Cómo explicar que aquellos seres monstruosamente deformados se correspondían con hombres. Eran muchachos que, un día, llamados por estúpidas y asesinas ideas como la patria o la nación, partieron llenos de temor hacia un paraíso infernal donde se convivía día a día con la muerte subterránea. En el mejor de los casos, un disparo certero de un francotirador enemigo, seguramente con el mismo miedo en el cuerpo, podría acabar con la agonía de vivir sepultado en una tumba esperando la muerte definitiva minuto a minuto. Lo que antes era un compañero se había convertido en un amasijo de carne que se pudría entre el lodo mientras algunos restos de carne todavía palpitaban recordando que aquel despojo fue en algún momento el único testimonio de una vida plena.

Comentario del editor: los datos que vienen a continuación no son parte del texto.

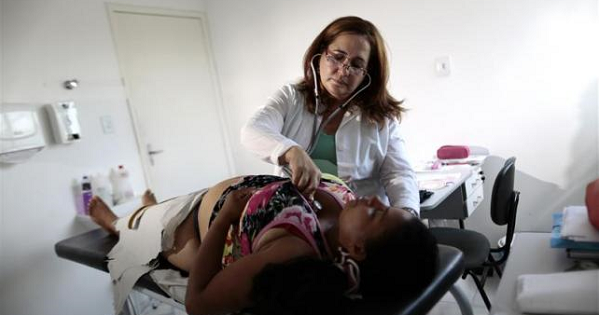 Cuban doctor Elza Vega Rodriguez inspects a pregnant patient at the Health Center in the city of Piaus in the state of Bahia, north-eastern Brazil Nov. 20, 2013.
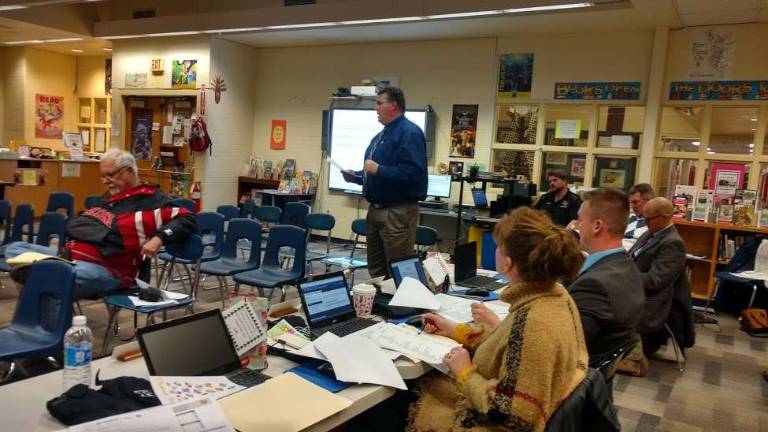 Administrative Services Director Chris Lordi explains new maintenance building plans. Maintenance Director Marvin Eversdyke is seated toward the back (Photo by Anya Tikka)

En la actualidad, esa galería de monstruos que todavía hoy causan pánico con su mera contemplación es la demostración más eficiente de la brutalidad de la guerra. La Primera Guerra Mundial puso punto y final a aquella lucha gloriosa que los pinceles de tantos y tantos pintores insistieron en retratar; una ficción irreal y fantasiosa, tanto como los cuentos infantiles, que la moderna técnica finiquitó de un plumazo con una fiereza que desbordaba el propio marco de la fotografía.